On Sunday, the Canadian government announced it would withdraw its planned Digital Services Tax (DST), just hours before it was scheduled to come into effect. The move is widely seen as a calculated effort by Prime Minister Mark Carney’s administration to ease tensions with the United States and restart stalled trade negotiations.
The DST, which had been in development since 2020 and passed into law in 2023, would have imposed a 3% tax on large multinational digital companies, many of them based in the U.S., including Amazon, Google, Meta, and Apple. It targeted firms earning over $20 million annually from Canadian digital services such as online ads and e-commerce, and it was set to be applied retroactively to 2022. Had it gone ahead, companies would have been required to pay an estimated $2 billion in back taxes starting Monday, June 30, 2025.
The timing of the decision, coming so close to implementation, suggests a deliberate diplomatic gesture from Ottawa. Tensions between Canada and the U.S. had been rising, especially after President Donald Trump condemned the tax as unfairly targeting American businesses. Just days earlier, Trump had suspended trade talks, threatening retaliatory tariffs on Canadian exports if the tax was enforced.

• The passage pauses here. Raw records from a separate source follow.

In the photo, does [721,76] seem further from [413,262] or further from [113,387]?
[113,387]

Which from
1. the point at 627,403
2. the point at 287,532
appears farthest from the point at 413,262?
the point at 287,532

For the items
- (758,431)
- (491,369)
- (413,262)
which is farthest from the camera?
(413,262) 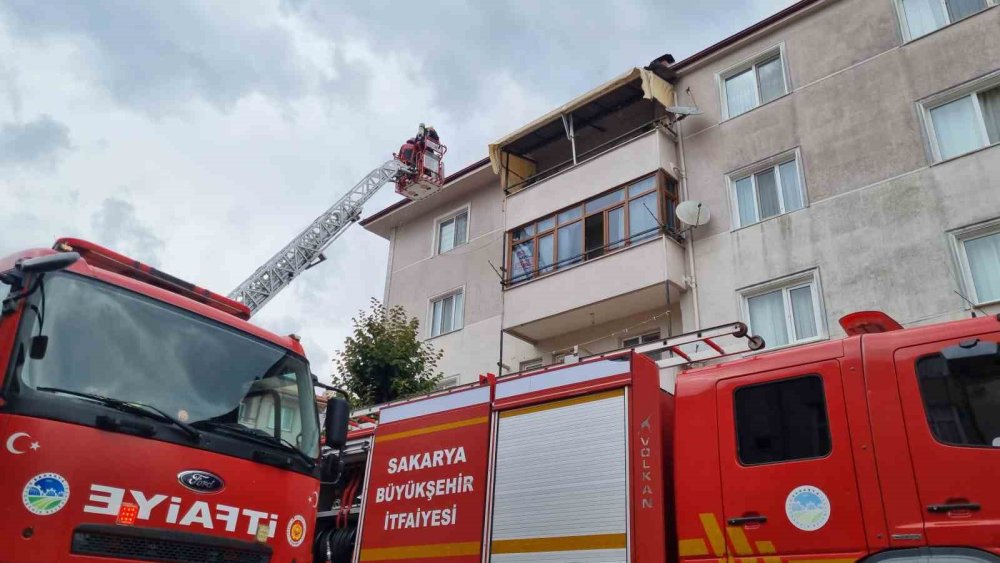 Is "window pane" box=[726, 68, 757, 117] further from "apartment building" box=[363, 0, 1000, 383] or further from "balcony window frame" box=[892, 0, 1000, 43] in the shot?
"balcony window frame" box=[892, 0, 1000, 43]

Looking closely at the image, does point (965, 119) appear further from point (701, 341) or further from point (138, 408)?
point (138, 408)

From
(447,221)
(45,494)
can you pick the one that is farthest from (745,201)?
(45,494)

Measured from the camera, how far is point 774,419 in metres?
5.91

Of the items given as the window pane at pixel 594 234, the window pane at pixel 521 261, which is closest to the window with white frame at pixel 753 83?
the window pane at pixel 594 234

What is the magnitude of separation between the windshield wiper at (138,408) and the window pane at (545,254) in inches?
488

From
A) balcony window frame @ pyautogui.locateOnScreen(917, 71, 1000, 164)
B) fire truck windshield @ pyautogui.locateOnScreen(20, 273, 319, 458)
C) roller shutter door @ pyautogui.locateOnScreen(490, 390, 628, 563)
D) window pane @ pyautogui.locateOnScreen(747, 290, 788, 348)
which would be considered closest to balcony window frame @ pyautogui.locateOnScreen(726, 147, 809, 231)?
window pane @ pyautogui.locateOnScreen(747, 290, 788, 348)

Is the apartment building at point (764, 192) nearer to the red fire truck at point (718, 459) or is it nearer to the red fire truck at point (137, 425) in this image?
the red fire truck at point (718, 459)

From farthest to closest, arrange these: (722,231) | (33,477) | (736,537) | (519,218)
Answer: (519,218) → (722,231) → (736,537) → (33,477)

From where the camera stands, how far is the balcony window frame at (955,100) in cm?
1290

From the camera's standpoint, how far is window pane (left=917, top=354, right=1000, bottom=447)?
493 cm

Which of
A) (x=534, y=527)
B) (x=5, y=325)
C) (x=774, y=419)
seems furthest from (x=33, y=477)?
(x=774, y=419)

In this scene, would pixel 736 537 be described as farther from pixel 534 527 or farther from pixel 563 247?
pixel 563 247

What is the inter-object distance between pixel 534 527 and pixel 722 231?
400 inches

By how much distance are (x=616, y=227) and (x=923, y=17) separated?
671 cm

In a statement, Canada’s Finance Ministry explained the repeal was intended to create space for renewed economic discussions. Both governments are now aiming to finalize a new trade agreement by July 21. The sudden shift appears to have revived those efforts, with negotiations reportedly back on track.
President Trump responded positively, calling the withdrawal a win for U.S. businesses and a step toward restoring trade cooperation. He reiterated that the U.S. would not tolerate what he called discriminatory measures against American firms and confirmed that economic talks with Canada would resume immediately. Talks had previously broken down following the G7 summit in mid-June, where he and Carney had agreed on a 30-day timeline for reaching a new trade deal.
For U.S. tech firms, Canada’s reversal comes as a major relief, averting billions in unexpected tax liabilities. The Biden administration had already raised objections in 2024, launching consultations over whether the DST breached the North American trade agreement.
From Canada’s side, the decision underscores the importance of maintaining strong economic ties with its southern neighbor. The U.S. remains Canada’s largest export destination and second-largest overall trading partner after Mexico. In 2024 alone, Canada exported over $412 billion in goods to the U.S. and imported nearly $350 billion.
Canada had narrowly avoided new U.S. tariffs earlier in the year but continues to face steep duties—up to 50%—on its steel and aluminum exports. Finance Minister François-Philippe Champagne is expected to introduce legislation to formally repeal the DST Act soon. The ministry emphasized that while Canada still supports the idea of a global approach to digital taxation, the priority now is bilateral economic stability.